Three women, three backgrounds, three stories: One conversation.

By Europe and Me‘s Friederike Sandow

Europe & Me author Friederike Sandow has sat down with three women to talk all things feminist. The conversation was recorded and has been transcribed by the author, some answers have been abbreviated for clarity.

Friederike: Thank you for meeting with me on the day an iconic feminist has passed away. (*Ruth Baader Ginsburg had died the night before recording the conversation.)

Sarah: Yeah, I felt this was somehow… timely.

Friederike: But I don’t want to talk about sad stuff.

Noëmi: …which we will, though, presumably?

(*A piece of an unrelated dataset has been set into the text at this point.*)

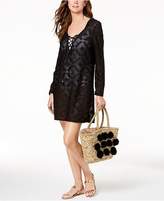 Thumbnail for your product : Dotti Lace-Up Hoodie Dress Cover-Up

Friederike: Oh god, yes fair. We will. That’s a great opener actually. Let’s start! Do you consider yourself a feminist?

Sarah: Easy one to start with! Yes.

Noëmi: My mouth is full of cake but yes. No hesitation there.

Menphy: Yes.

Friederike: Did the meaning of the word, or its connotation, did that change over time? What is feminism for you?

Noëmi: It definitely changed its meaning for me. I think it started out being defined by this idea of feminists, a militant group of men hating women. It’s a specific society-media-family-friends kind of narrative that I grew up with. You know – as a feminist you had to have hairy armpits, burn your bra and essentially hate men.

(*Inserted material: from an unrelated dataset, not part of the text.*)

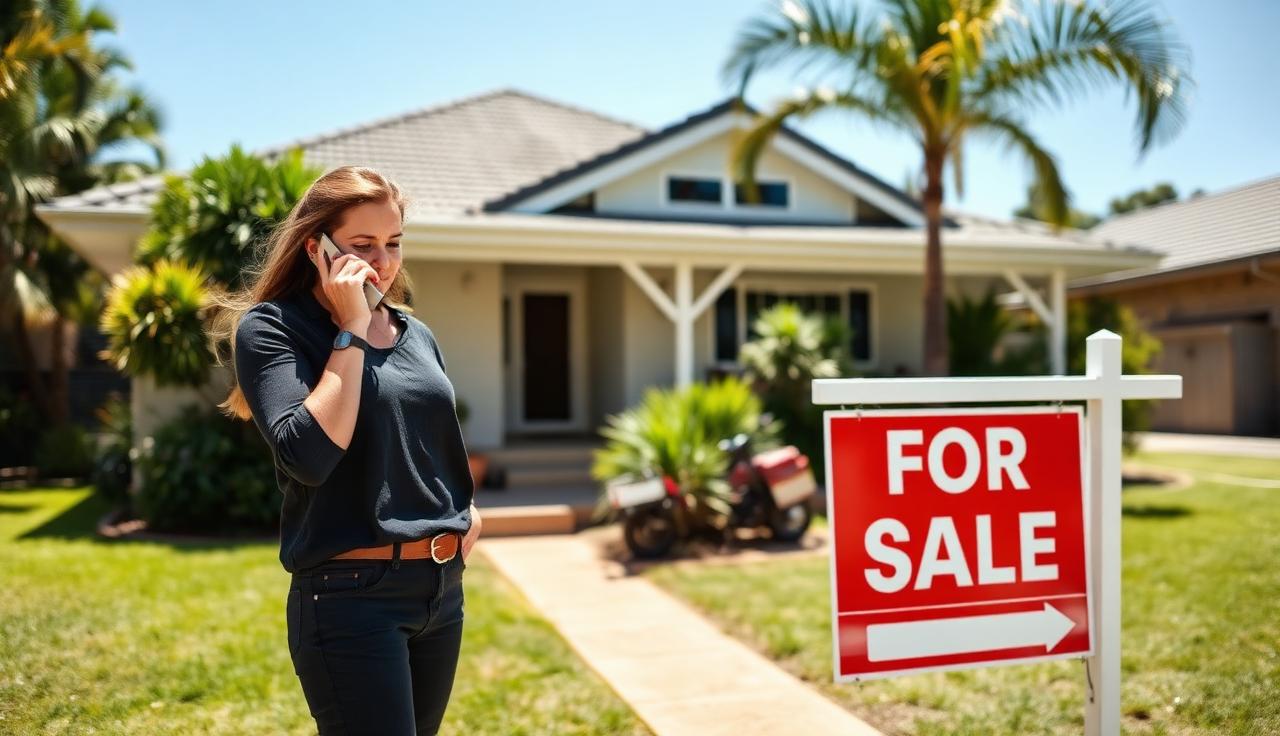 Australian real estate agent on her phone outside a suburban home for sale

Sarah: Yes, I agree, that’s the story your are being told. And, wanting equality for women didn’t necessarily mean that you were a feminist.

Noëmi: I feel like there was just this one narrative and growing up I can’t remember any educational narratives. At no point in school, when we talked about activism, at no point did anyone say: oh, by the way, equality for women – it’s just “on this date women were allowed to vote” but nothing about the struggle – who achieved that? Do we have equality now? It’s not talked about.

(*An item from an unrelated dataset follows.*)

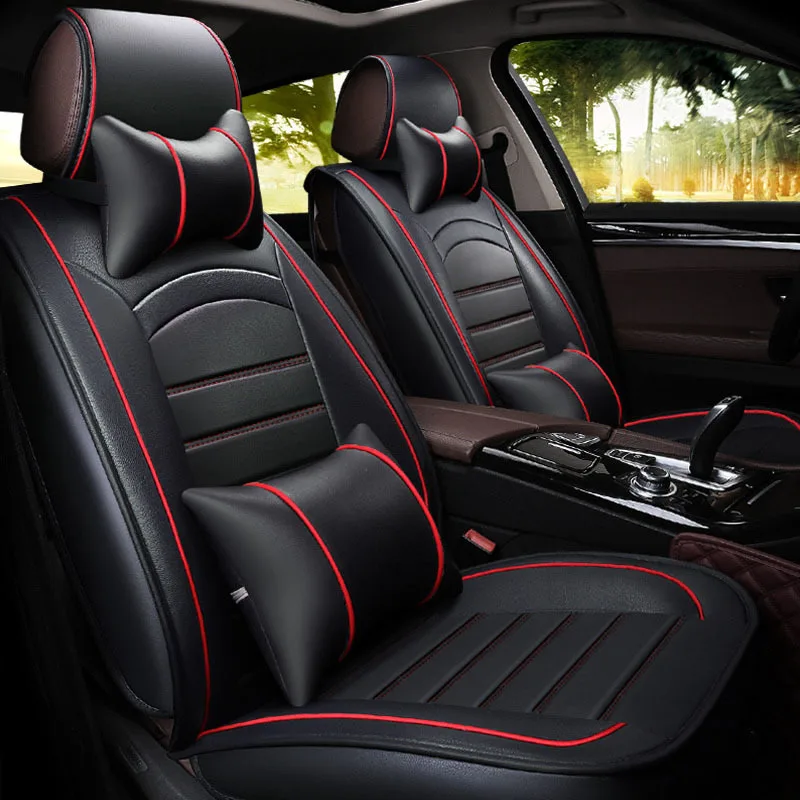 

KKYSYELVA 5-seater GM seat cover PU leather car front and rear seat cushion protector for most market models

Sarah: Maybe when we were younger, we might have been growing up between two waves of feminism?

Noëmi: We had the Spice Girls, come on! You as a Brit should know!

Sarah: Ok true I take it back. But it (feminism) wasn’t an active thing when we were growing up. Like it is now.

Photo by Friederike Sandow
Friederike: What do you mean with now? Because of #metoo? Or maybe feminism was there all along but we didn’t have a reason to look into it until we really experienced it first hand. I certainly know that my focus changed or my interest in feminism was sparked when I started working. In an office environment. Not even at Uni was I aware of the differences and being treated differently.

Noëmi: I grew up with a single Mum so I knew there were differences and hardships for working women. It wasn’t specifically labelled feminism, but women’s right were a constant topic between my mum and her friends.  So, from an early age on I knew it was harder for women in this world than for men. And I was being treated differently early on as well – as a woman, and especially as a black women. I started to get unwanted sexual attention from men from age 12 onwards.

From an early age on, I knew it was harder for women in this world than for men.

Friederike: OMG. You should have been allowed to stay a child for at least another 2 years. Menphy, how was your experience?

Menphy: Ok, so, I am from China. I would not have called myself awake up until two years ago. feminism has never been a thing in China that I am aware of – I mean, #metoo got some attention but that’s about it. Before when I heard of feminism it was talked about as if it’s women wanting to steal money and property and rights from men and wanting to get rid of their ‘obligations’ – child bearing obligations. Can you imagine! So everything I have heard about feminism was bad. I would be so ashamed if someone would have called me a feminist. There was no icon in China as far as I recall. I learned about feminism on Chinese twitter. And it changed my mind completely – nowadays I feel proud of claiming my feminist self. And I am done explaining. I am not saying anymore: Heeey now now, I just want the same as you. I am at a point where I say: Give me, it’s MINE. I am done explaining. I want equal rights goddammit.

Here the conversation took a brief break because a child started to cuddle Noëmi’s dog. (We totally understood, he’s a cloud on four legs.)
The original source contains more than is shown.